The White House budget request, which is certain to meet fierce resistance in Congress, scraps the Bush administration's Vision for Space Exploration and signals a major reorientation of NASA, especially in the area of human spaceflight.
"We certainly don't need to go back to the moon," said one administration official.
Everyone interviewed for this article spoke on condition of anonymity, either because they are not authorized to talk for the White House or because they fear for their jobs. All are familiar with the broad sweep of Obama's budget proposal, but none would talk about specific numbers because these are being tightly held by the White House until the release of the budget.
But senior administration officials say the spending freeze for some federal agencies is not going to apply to the space agency in this budget proposal. Officials said NASA was expected to see some "modest" increase in its current $18.7 billion annual budget — possibly $200 million to $300 million more but far less than the $1 billion boost agency officials had hoped for.
They also said that the White House plans to extend the life of the International Space Station to at least 2020. One insider said there would be an "attractive sum" of money — to be spent over several years — for private companies to make rockets to carry astronauts there.
But Obama's budget freeze is likely to hamstring NASA in coming years as the spending clampdown will eventually shackle the agency and its ambitions. And this year's funding request to develop both commercial rockets and a new NASA spaceship will be less than what was recommended by a White House panel of experts last year.
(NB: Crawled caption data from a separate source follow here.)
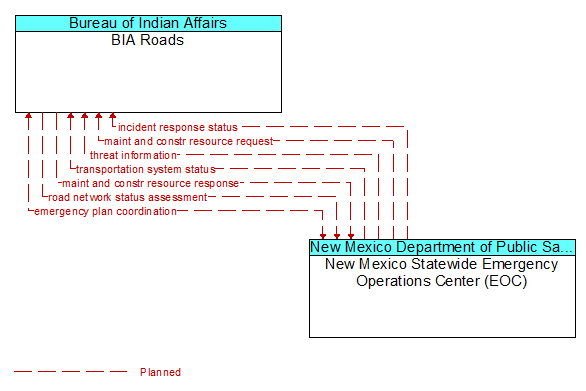 BIA Roads to New Mexico Statewide Emergency Operations Center (EOC) Interface Diagram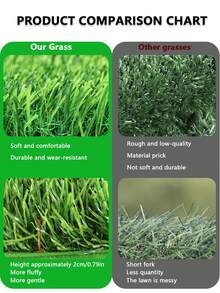 Pet Lawn Pee Pad, Dog Toilet, Fake Grass, Potty Training Mat, Artificial Grass Pad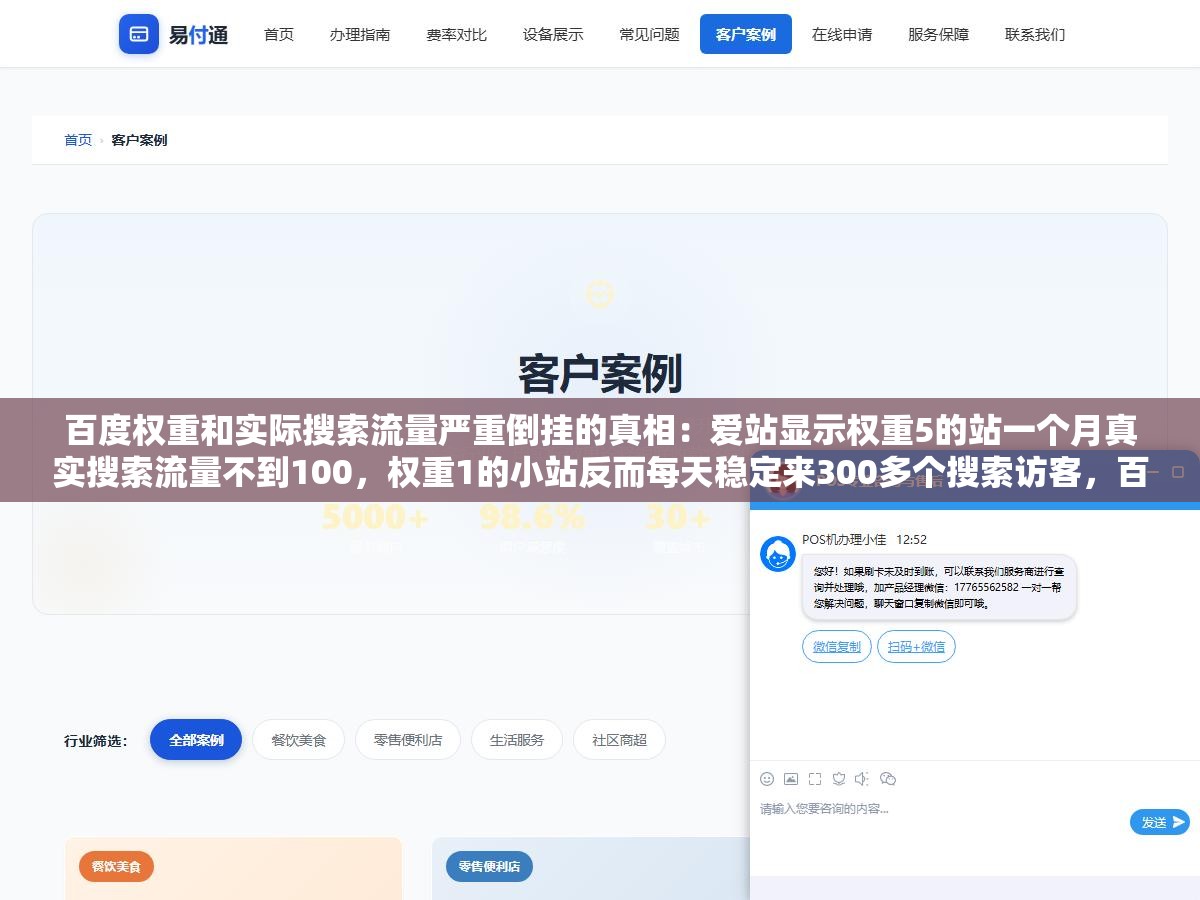 2 - 百度权重和实际搜索流量严重倒挂的真相：爱站显示权重5的站一个月真实搜索流量不到100，权重1的小站反而每天稳定来300多个搜索访客，百度权重从头到尾就是个第三方估算值和官方排名算法没半毛钱关系 - UC建站系统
That panel, led by former Lockheed Martin CEO Norm Augustine, concluded that to have a "viable" human space-exploration program, NASA needed a $3 billion annual budget hike, and that it would take as much as $5 billion distributed over five years to develop commercial rockets that could carry astronauts safely to and from the space station.
Last year, lawmakers prohibited NASA from canceling any Constellation programs and starting new ones in their place unless the cuts were approved by Congress. The provision sends a "direct message that the Congress believes Constellation is, and should remain, the future of America's human space flight program," wrote U.S. Sen. Richard Shelby, R-Ala., last month.
Nevertheless, NASA contractors have been quietly planning on the end of Ares I, which is years behind schedule and millions of dollars over budget. NASA has already spent more than $3 billion on Ares I and more than $5 billion on the rest of Constellation.
In recent days, NASA has been soliciting concepts for a new heavy-lift rocket from major contractors, including Boeing Co., Lockheed Martin Corp. and Pratt & Whitney. Last week, a group of moonlighting NASA engineers and rocket hobbyists proposed variations on old agency designs that use the shuttle's main engines and fuel tank to launch a capsule into space. According to officials and industry executives familiar with the presentations, some of the contractor designs are very similar to the one pressed by the hobbyists.
Officially, companies such as Boeing still support Constellation and its millions of dollars of contracts. Some believe that in a battle with Congress, Ares may survive.
"I would not say Ares is dead yet," said an executive with one major NASA contractor. "It's probably more accurate to say it's on life support. We have to wait to see how the coming battle ends."
Few doubt that a fight is looming. In order to finance new science and technology programs and find money for commercial rockets, Obama will be killing off programs that have created jobs in some powerful constituencies, including the Marshall Space Flight Center in Shelby's Alabama. But the White House is said to be ready for a fight.
The end of the shuttle program this year is already going to slash 7,000 jobs at Kennedy Space Center.
One administration official said the budget will send a message that it's time members of Congress recognize that NASA can't design space programs to create jobs in their districts. "That's the view of the president," the official said.